How To Play Trombone

How To Play Trombone

Written by Music Minds’ professional trombonist, Scott Flynn who helped review our best trombones.

I’m Scott and I play the trombone. I’ve been playing the trombone for more than half my life at this point, I’ve toured with groups like Odesza, Pretty Lights and my own groups like Elephant Wrecking Ball. I’ve been fortunate to have played and studied lots of types of music, jazz, reggae, classical, salsa and beyond. I love the trombone and I’m here to tell you some basics about how to play the trombone.

Scott Flynn trombonist against white background

When it comes to learning a new instrument, it’s worth noting that every instrument has its own unique idiosyncrasies and challenges. The trombone is no different and it too comes with a unique and somewhat challenging set of factors; it alone does not produce sound, you have to learn how to properly buzz your lips to make the sound. It also does not have buttons but rather a continuous slide which is a challenge in itself to deal with. Neither of these challenges are insurmountable though and like any specialized skill, can be learned with some practice and consistency.

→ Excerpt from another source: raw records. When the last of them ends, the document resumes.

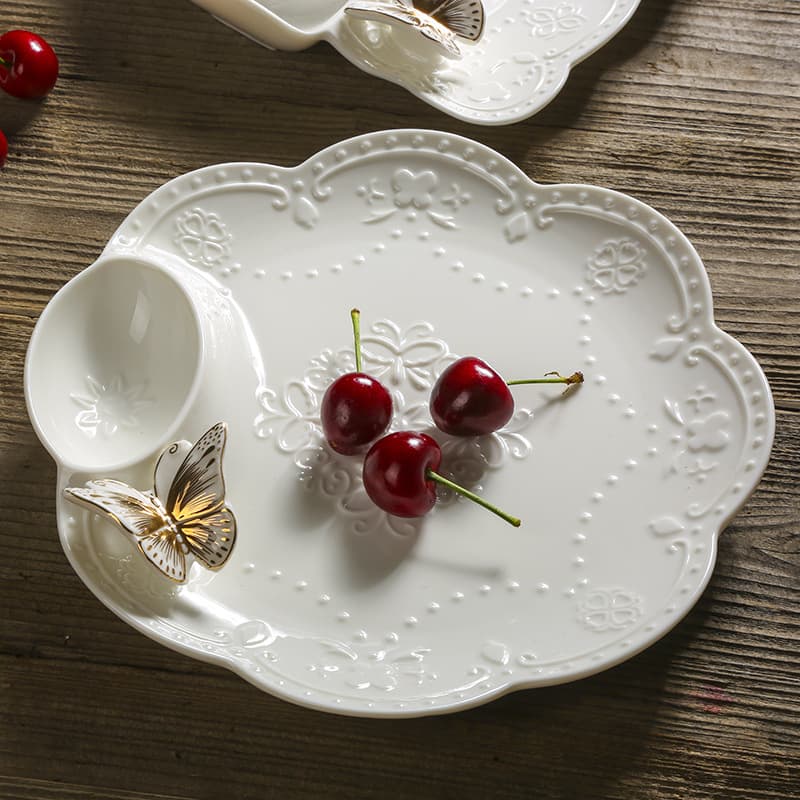 European-style embossed creative dumpling plate with vinegar dish, compartment plate, home ceramic steak plate, fruit plate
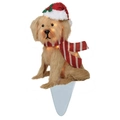Lighted Golden Retriever garden stake with Christmas hat and striped scarf decoration - Plush Puppy Stake-4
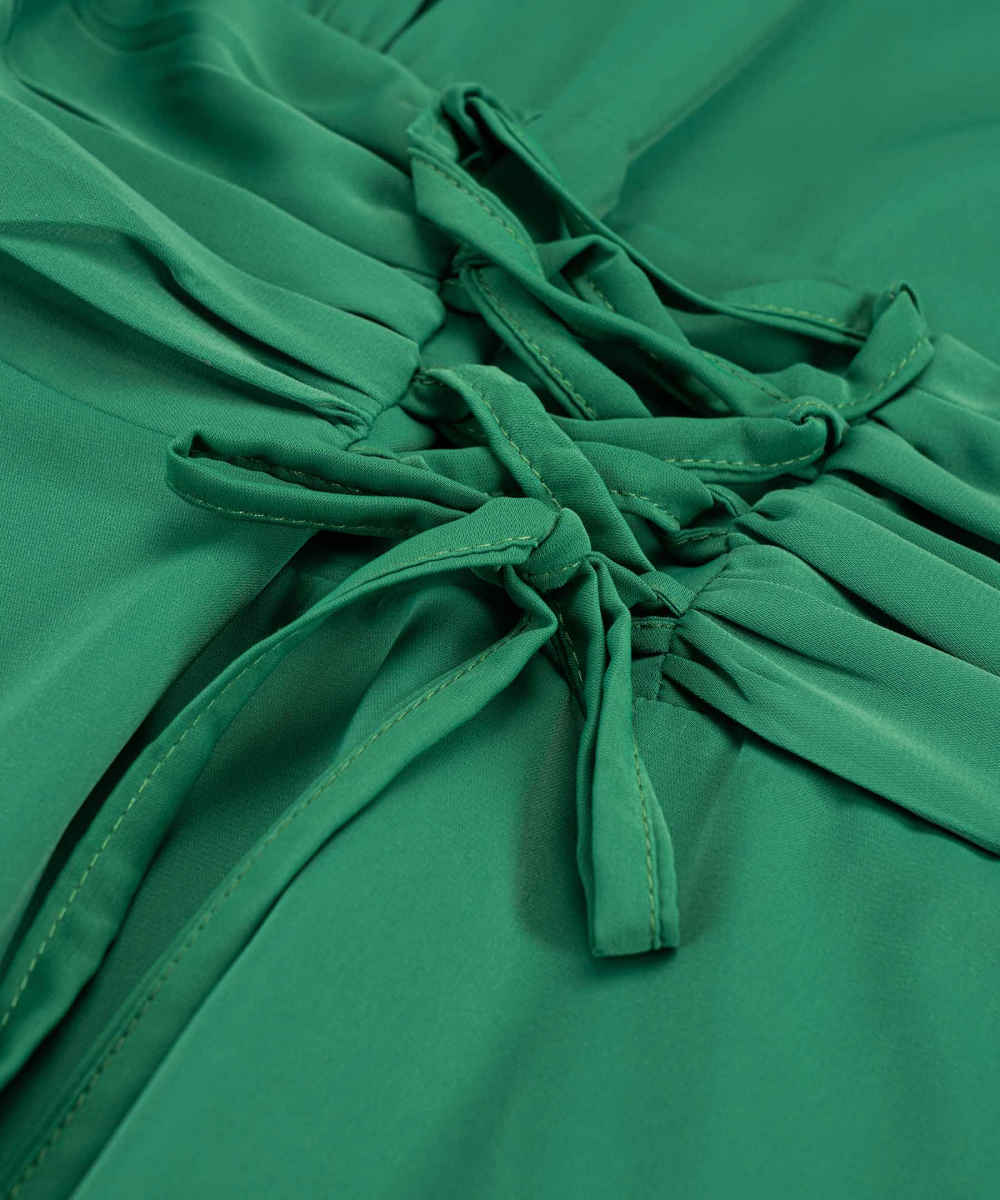 女士时尚长袖绿色连衣裙 款式 Taranom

When it comes to buying a trombone, you can actually get a decent beginner’s instrument for not a lot of money. You could pay as little as $100-300 for a beginner trombone. Finding a well reviewed trombone package online at place like Amazon in this price range will usually get you a horn that’s sturdy, playable and more than good enough for an instrument to learn on. You can also often find good deals on used horns with more name brands (Conn, King, Selmer, Bach, Yamaha) in that same price range. Brand new, those horns range from the $350-800 range, give or take. 

The trombone is one of the few wind instruments that is in the key of C, which means it does NOT transpose. This is different then, say, a saxophone, trumpet or French horn all of which are considered to be in a different key.

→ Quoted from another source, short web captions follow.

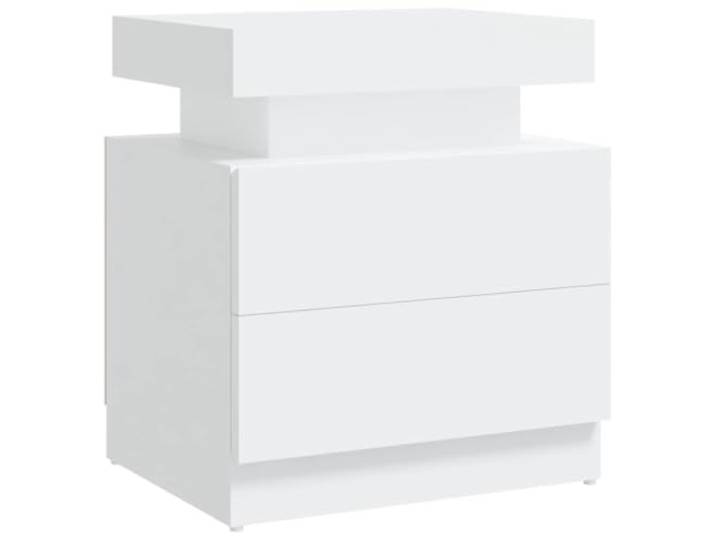 GHVBNMF Nachttisch Weiß 45x35x52 cm Holzwerkstoff Nachtschrank Kompakt verarbeitete Ablage mit integriertem Stauraum für das Schlafzimmer, pflegeleicht und stabil konstruiert.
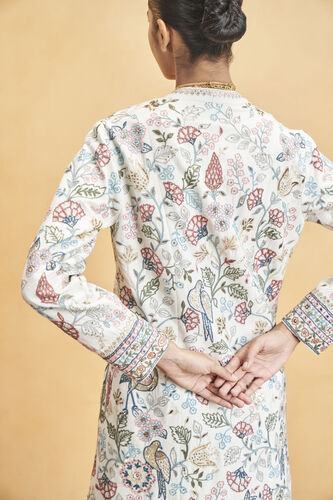 Paradise Of Flowers SEWA Hand-embroidered Silk Overlayer Set - Cream, Cream, image 8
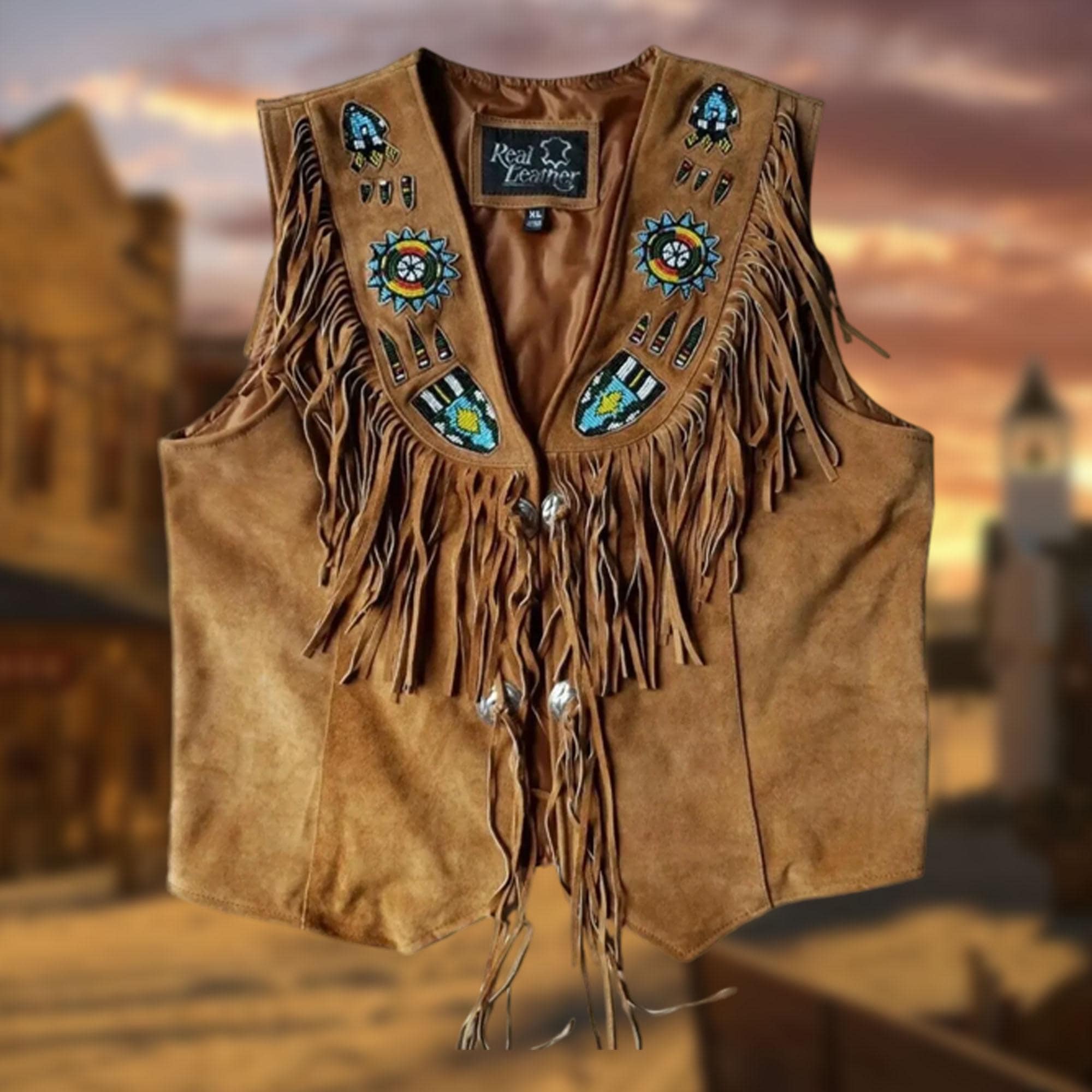 Handmade Beaded Leather Fringe Vest: Native American Inspired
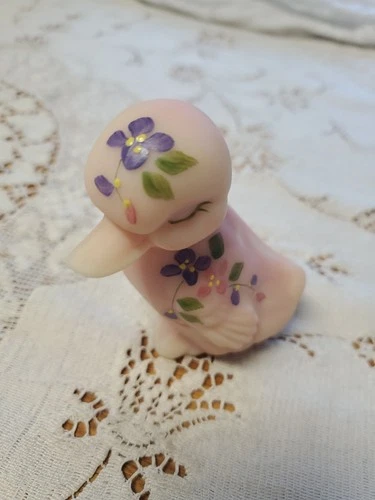 Fenton Burmese Glass Duckling Hand Painted Duck Figurine Glows 2005 100 Years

Your arms need to be about two feet long in order to be able to play the trombone. If you are a young child or your arms are not long enough, there are a few ways to work around this. Trombones with F triggers allow you to not need to go out to 6th and 7th positions. For younger players, there are smaller alto trombones that do not require nearly as long an arm. 

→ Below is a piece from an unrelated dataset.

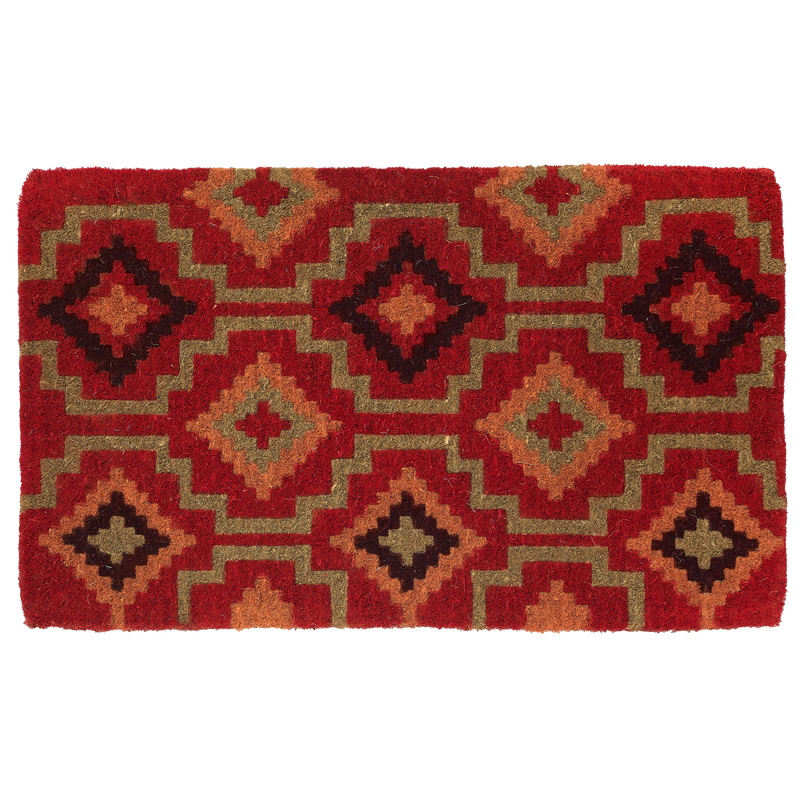 Lhasa Kilim - Red Coir Doormat by Fab Habitat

When blowing into the mouthpiece, make an ‘’m’’ with your lips, take a deep breath in and as you exhale, try to find the right balance of air flow and lip pressure to produce a buzzing sound with your lips. The buzzier and more resonant a sound you can make with your lips, the better your sound on the trombone will be. 

Putting the trombone together only requires making two connections, one between the slide and the bell and one between the mouthpiece and the slide. Be sure to familiarize yourself with whatever style mechanism your particular trombone uses for attaching the main bell to the slide as there is not one universal standard and there can be subtle differences between horns. For putting the mouthpiece in, simply put the mouthpiece in the slide, twist clockwise while simultaneously applying a gentle amount of pressure. Do the reverse when taking out the mouthpiece.

The trombone is meant to be held by the slide with your dominant or writing hand and by the main bell part with your other hand. For right handed people this means slide in the right hand, horn in the left. Make an angle with the slide and the bell of slightly less than 90 degrees so that your fingers don’t have to work too hard to grab the back part of the slide. Wrap your thumb around the bar that is on the bell and goes across from one part of the horn to the other, put your index finger on the top part of the slide and let your remaining fingers grip the slide handle.

There are seven positions on the trombone. Four of them have reference points and two of them are ‘’floating in space’’ so to speak. First position is all the way in, third is a little bit in front of the bell (towards your face), fourth is a little bit behind the bell (away from your face), sixth is a ‘’handshake’’ or just arm fully extended, and seventh is not just arm fully extended but also fingers extended. Second and fifth are in their corresponding positions but there are no obvious references for these positions and they are usually the last ones to get comfortable when learning the trombone.

Trombone is known for its vibrato and there are two ways one can achieve that on the trombone. One is just by using your embouchure and not moving the slide, the other is by using the slide as the source of vibrato. Some people like to do both at the same time while others use different ones at different times.

Maintaining a trombone is relatively easy. Make sure that you lubricate your slide before almost every performance depending on the shelf life of the lubricant you are using, be sure to clean out the slide at least every other month with warm water and a snake for the slide and take it to get professionally cleaned once every few years, depending on how frequently you play or use it. 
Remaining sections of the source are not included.